• SOURCE DATA:
--- --- ---
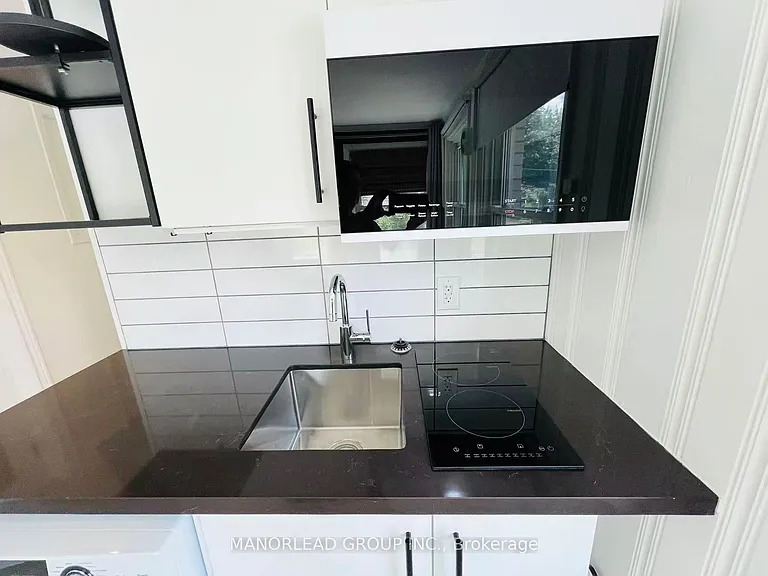 10 Greenyards Dr — Photo 21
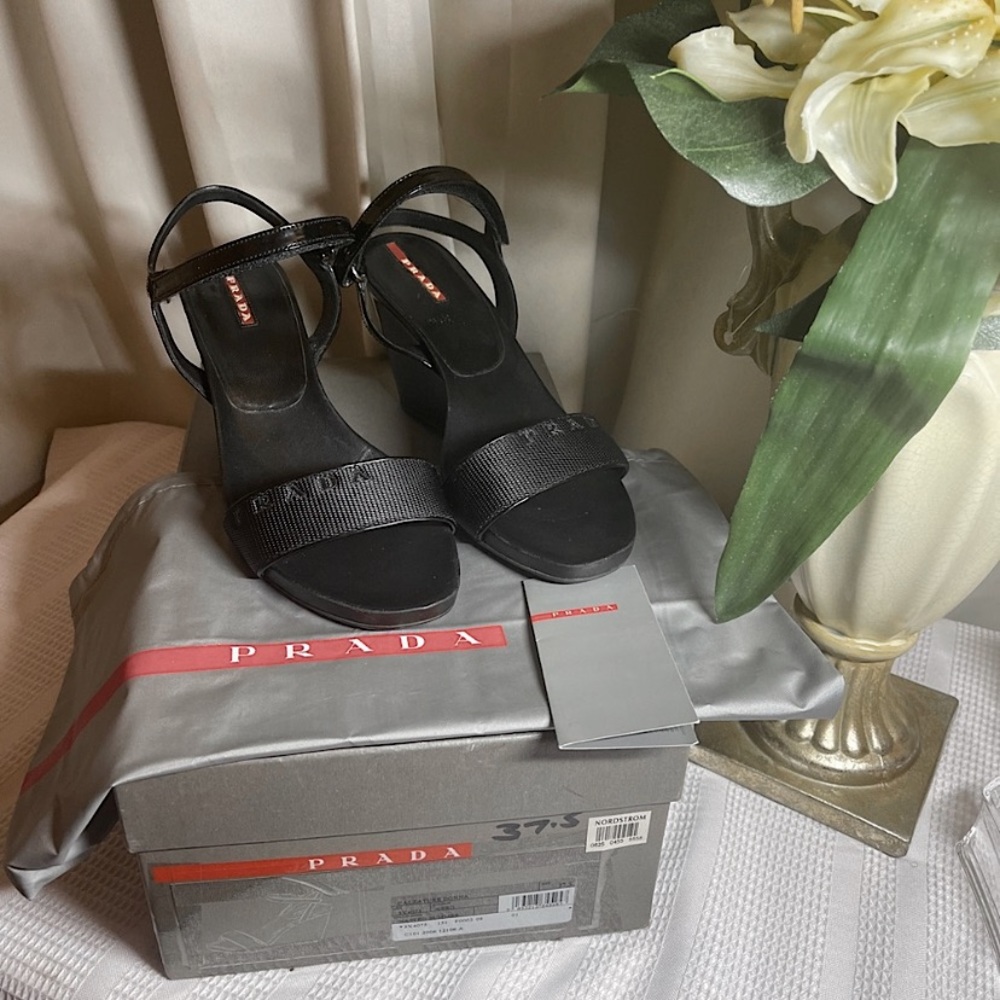Prada Patent Leather Sandals ✨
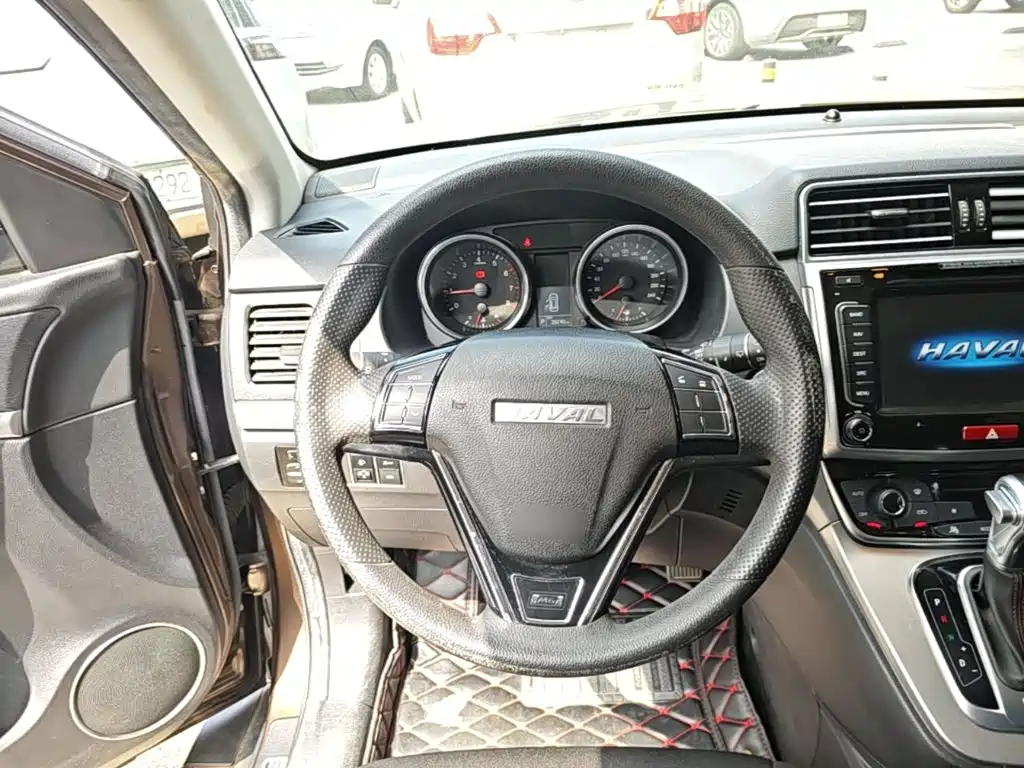 Фото 11 - Haval M6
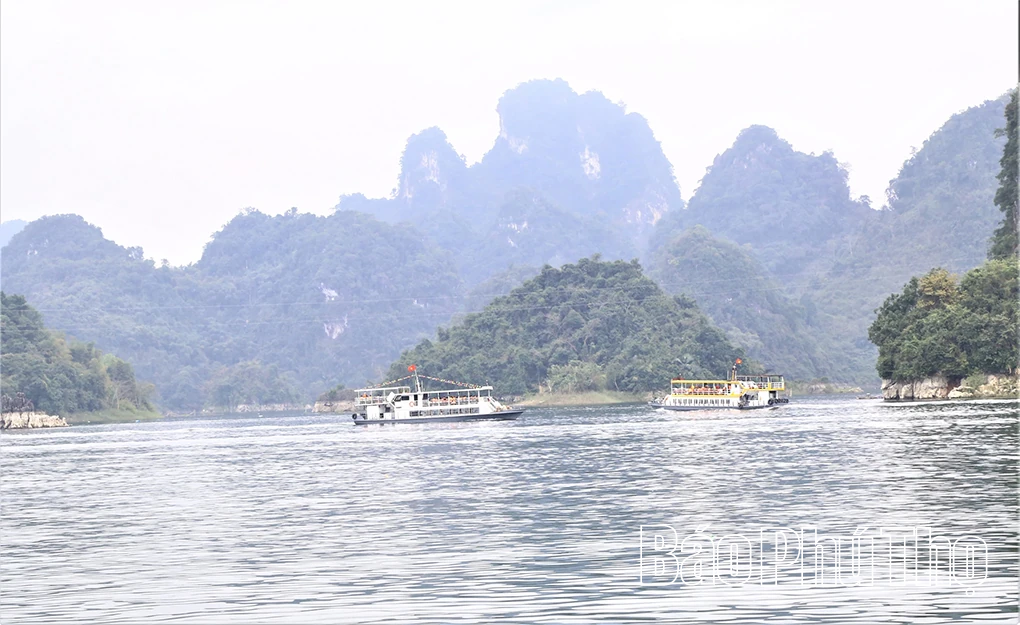 Đánh thức tiềm năng du lịch xanh từ mạch nguồn di sản và thiên nhiên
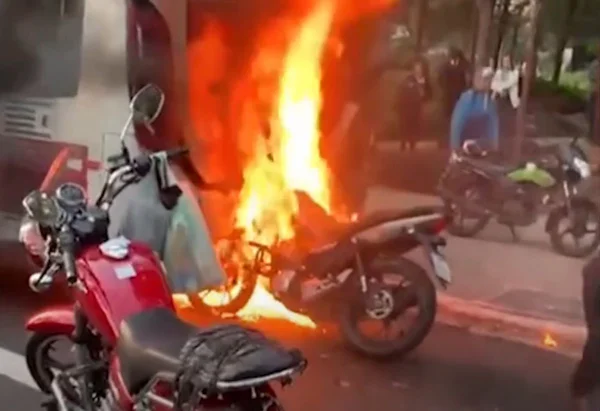 Incêndio em ônibus na Marginal Pinheiros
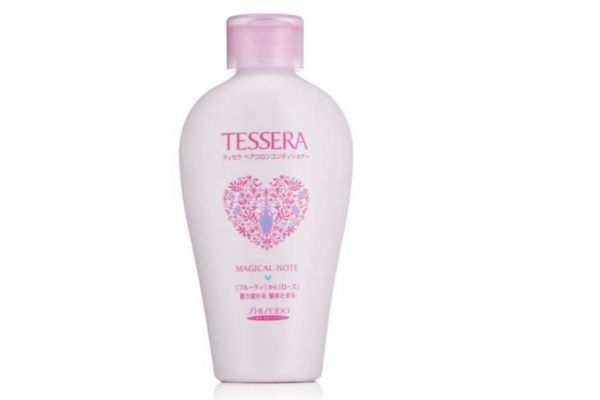 护发素要洗干净吗，护发素是涂在发梢吗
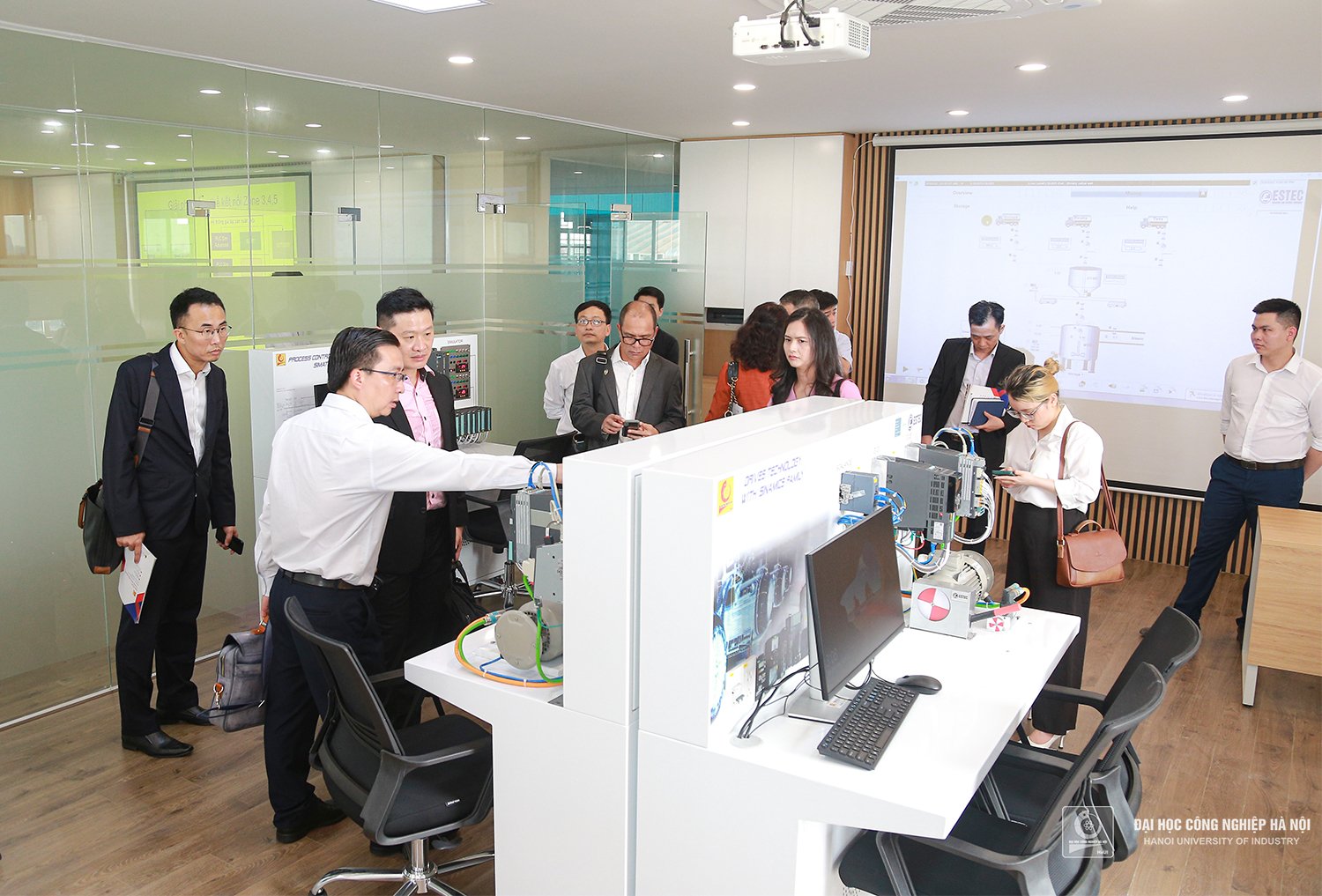 Siemens Digital Industries Software Company, Vietbay and ESTEC paid a working visit to Hanoi University of Industry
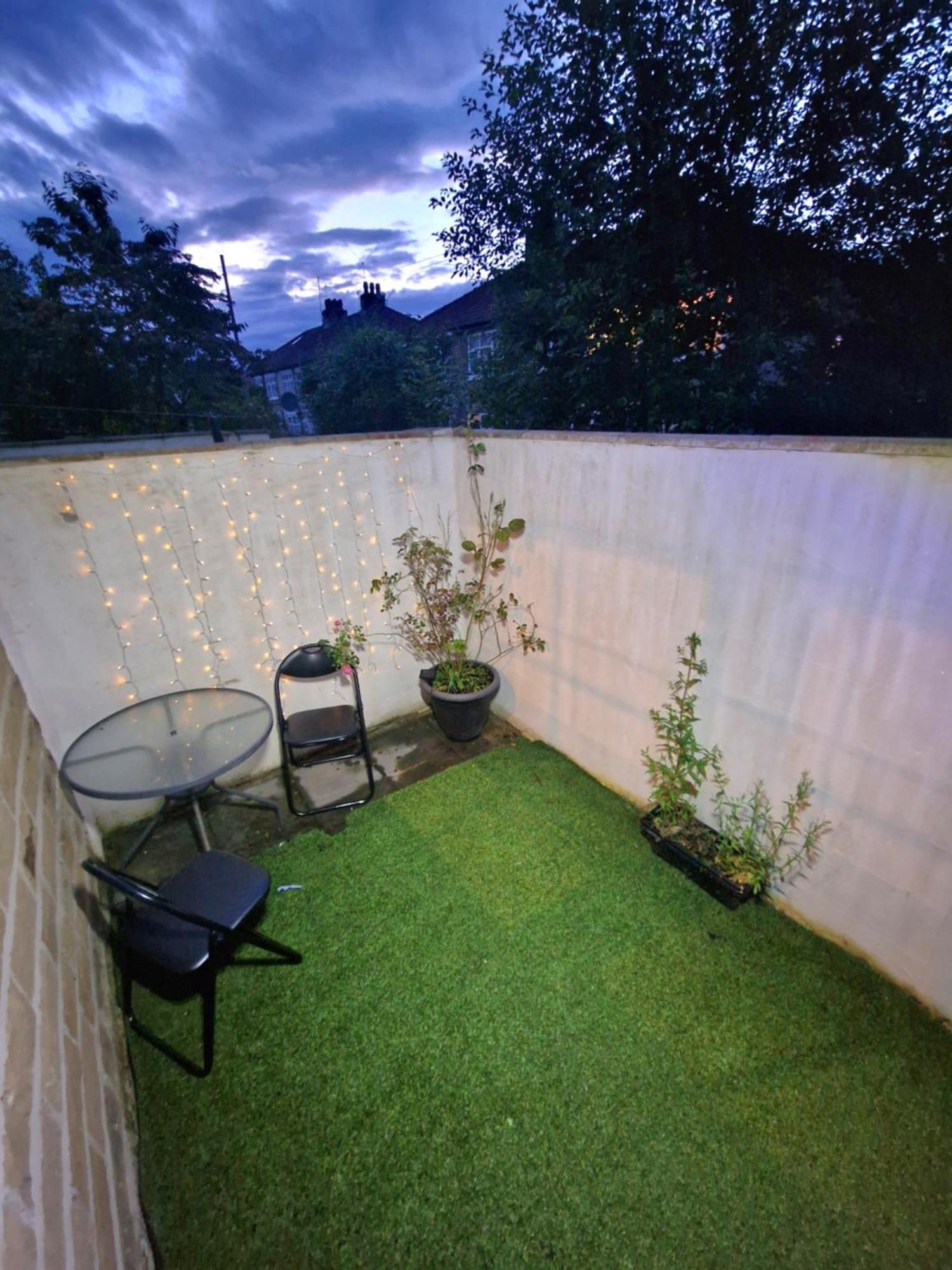 Private Courtyard Apartment In Bradford With Parking Shipley  Exterior foto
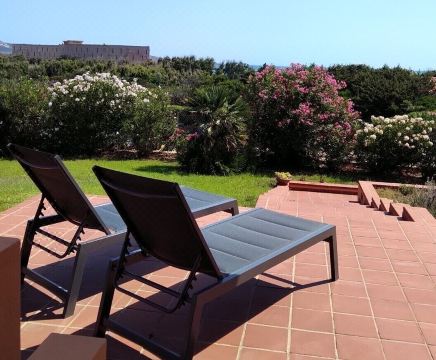 Elegance, comfort and proximity to the crystal clear waters of the HairyHotel Overview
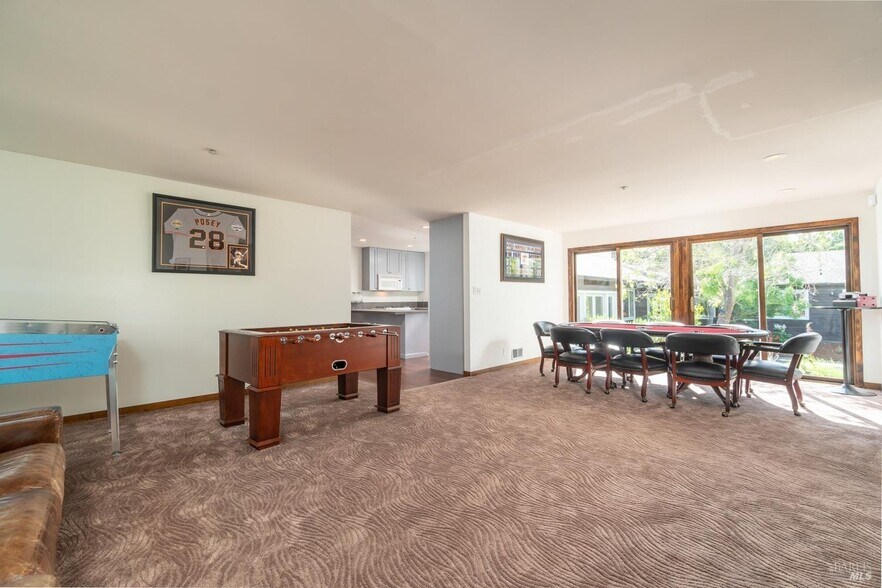 More Photos Of 8 Circle Rd, San Rafael Specialty For Sale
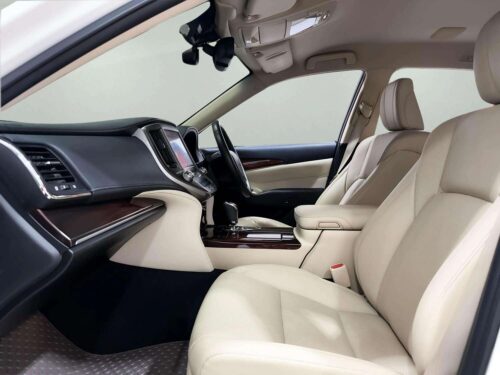 2013-toyota-crown-2-5-royal-saloon-1p2935v-slide-thumbnail-5
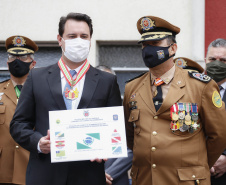 O governador Carlos Massa Ratinho Junior participou nesta sexta-feira (29) da troca do comando-geral do Corpo de Bombeiros do Paraná. Depois de dois anos como comandante, o coronel Samuel Prestes dá lugar ao coronel Gerson Gross, que até então respondia pelo comando da Academia Policial Militar do Guatupê.  -  Curitiba, 29/01/2021  -  Foto: Jonathan Campos/AEN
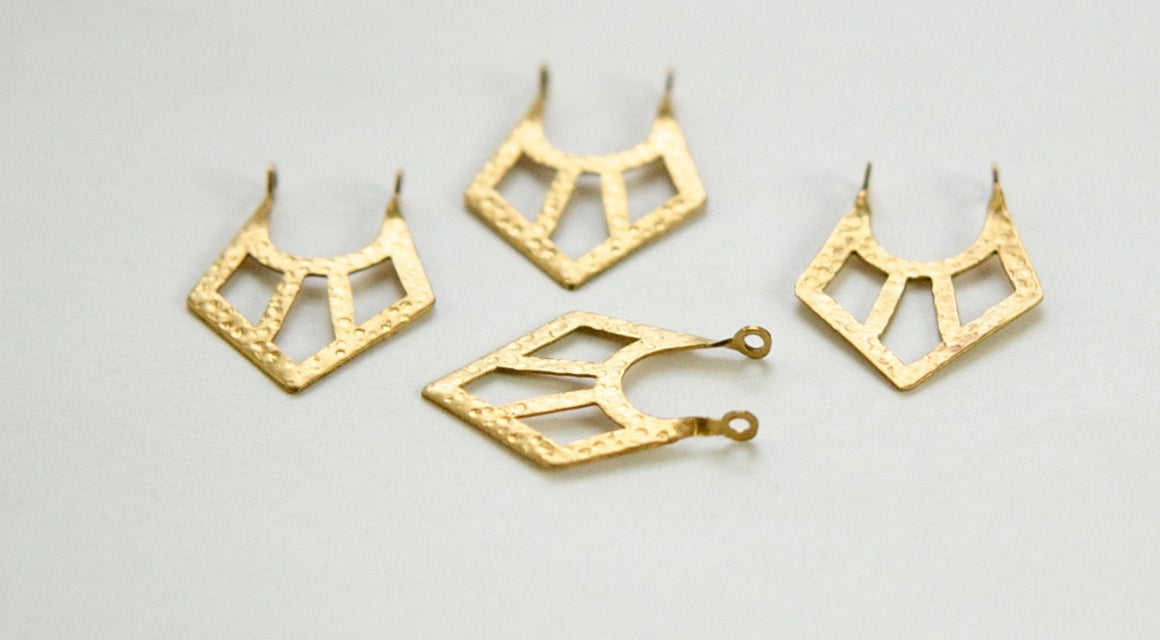 2 Loop Raw Brass Hammered V Pendants Drops (6) 24x18mm mtl182B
--- --- ---
• DIRECTIONS FOR THIS TASK: Please give back the material above exactly as written, pictures omitted.

• SOLUTION TO THIS TASK:
 10 Greenyards Dr — Photo 21
Prada Patent Leather Sandals ✨
 Фото 11 - Haval M6
 Đánh thức tiềm năng du lịch xanh từ mạch nguồn di sản và thiên nhiên
 Incêndio em ônibus na Marginal Pinheiros
 护发素要洗干净吗，护发素是涂在发梢吗
 Siemens Digital Industries Software Company, Vietbay and ESTEC paid a working visit to Hanoi University of Industry
 Private Courtyard Apartment In Bradford With Parking Shipley  Exterior foto
 Elegance, comfort and proximity to the crystal clear waters of the HairyHotel Overview
 More Photos Of 8 Circle Rd, San Rafael Specialty For Sale
 2013-toyota-crown-2-5-royal-saloon-1p2935v-slide-thumbnail-5
 O governador Carlos Massa Ratinho Junior participou nesta sexta-feira (29) da troca do comando-geral do Corpo de Bombeiros do Paraná. Depois de dois anos como comandante, o coronel Samuel Prestes dá lugar ao coronel Gerson Gross, que até então respondia pelo comando da Academia Policial Militar do Guatupê.  -  Curitiba, 29/01/2021  -  Foto: Jonathan Campos/AEN
 2 Loop Raw Brass Hammered V Pendants Drops (6) 24x18mm mtl182B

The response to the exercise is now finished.